There would be key/buttons for starting/stopping/retrying/deleting/playing back/uploading a recording, going to next/prev line, saving, and requesting to upload to the site for others to hear.

I say a button and keyboard shortcut since the mic may pickup the sound of one or the other. Another way to avoid that is it could start recording a second later and cut off the last fraction.
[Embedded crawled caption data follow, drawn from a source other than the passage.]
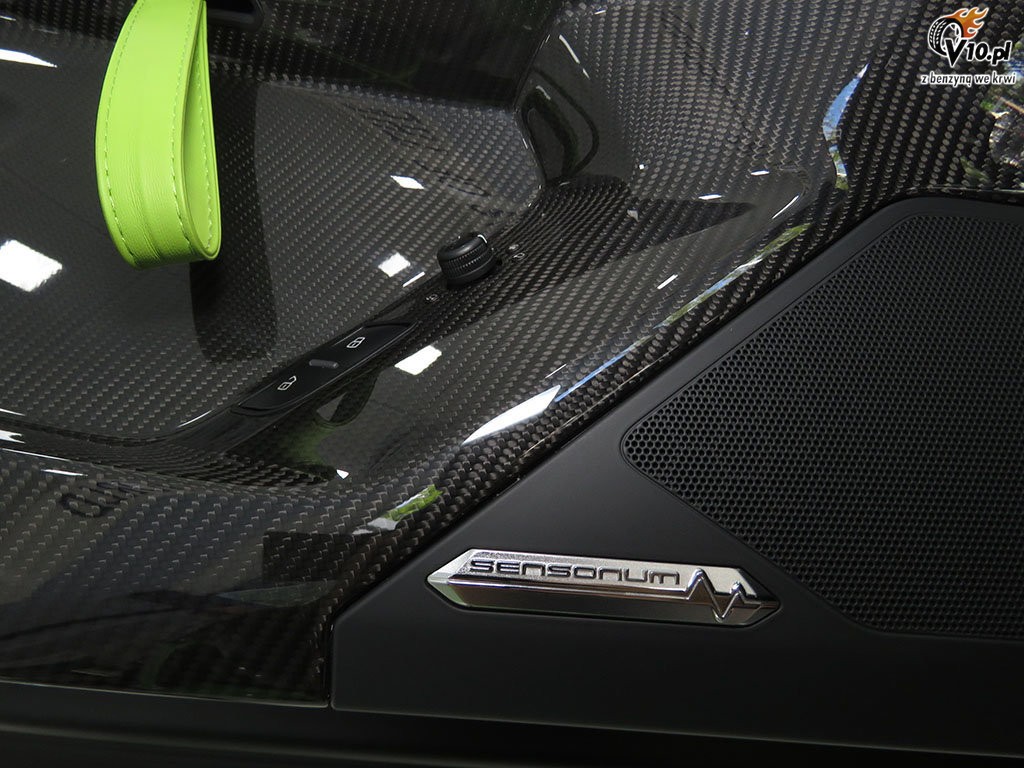 Lamborghini Aventador LP750-4 SV Roadster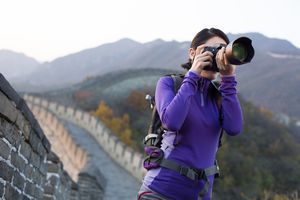 年轻女子拍摄的长城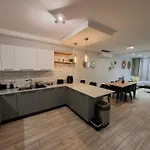 Apartament Modern 3bd With Spacious Balcony & Outside Furniture - Bay Marsalforn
It would bring these problems:

corrupted/bad recordings (force a request/approval system)
spam uploads (rate limiting)
huge file size uploads (add file size limit)
in-progress/unapproved records stored in browser cache or database?
repeat text - should the user really read “Aṅguttara Nikāya” over and over? or just use 1 recording of it and access that by search wherever
(probably a different project altogether) uploading an entire sutta recording to be parsed by line

It’s hard for me to say how challenging this would be until after it would have began. I don’t feel like the interface is anything serious cost-wise, but the storage and assigning of the recording to a person/ip/account could bring tough issues and might require user accounts. I don’t think a high number of accounts would be created anyway since not many people record this, and audio recordings aren’t too big “On average, audiobook files are 28 MB per hour” (kobo). Similar websites exist for design reference like howtopronounce.com

There are few reasons for having this. It would improve accessibility for blind and vision impaired people (giving them better access to the teachings). This site’s design would expand and promote users to read other language translations, improving accessibility by language. It’d help those who prefer a human voice over the robot voice. It’d be a lot easier to have all the texts in voice if many people were recording it. Unlike many of the recordings of ebt’s being read online, the advantage of this website is its pairing with the translation and degree of control around line/phrase selection, allowing people to hear both the original and translation easily (rather than skipping to the 6 minute mark of a recording and backing it up as needed). This is also in the series of A SuttaCentral creativity multiplier! as it’d allow people to express their own vocal interpretation of these texts and hear others’ too.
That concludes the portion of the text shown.